Dataset items:
######

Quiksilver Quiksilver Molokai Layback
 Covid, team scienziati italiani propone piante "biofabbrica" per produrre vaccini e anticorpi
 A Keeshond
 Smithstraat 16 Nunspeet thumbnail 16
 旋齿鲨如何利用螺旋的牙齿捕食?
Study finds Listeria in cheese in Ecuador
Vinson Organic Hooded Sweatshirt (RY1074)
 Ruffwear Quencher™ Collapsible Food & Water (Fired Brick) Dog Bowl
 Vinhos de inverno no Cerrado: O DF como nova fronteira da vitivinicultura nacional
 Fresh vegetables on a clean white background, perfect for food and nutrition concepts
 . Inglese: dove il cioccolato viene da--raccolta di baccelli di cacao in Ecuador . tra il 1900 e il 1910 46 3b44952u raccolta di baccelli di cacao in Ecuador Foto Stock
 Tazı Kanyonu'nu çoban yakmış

######

### ASSIGNMENT
Of the lines above, output exactly those from the line bearing "旋齿鲨如何利用螺旋的牙齿捕食?" through the line bearing "Ecuador Foto Stock", inclusive.

### REPLY
 旋齿鲨如何利用螺旋的牙齿捕食?
Study finds Listeria in cheese in Ecuador
Vinson Organic Hooded Sweatshirt (RY1074)
 Ruffwear Quencher™ Collapsible Food & Water (Fired Brick) Dog Bowl
 Vinhos de inverno no Cerrado: O DF como nova fronteira da vitivinicultura nacional
 Fresh vegetables on a clean white background, perfect for food and nutrition concepts
 . Inglese: dove il cioccolato viene da--raccolta di baccelli di cacao in Ecuador . tra il 1900 e il 1910 46 3b44952u raccolta di baccelli di cacao in Ecuador Foto Stock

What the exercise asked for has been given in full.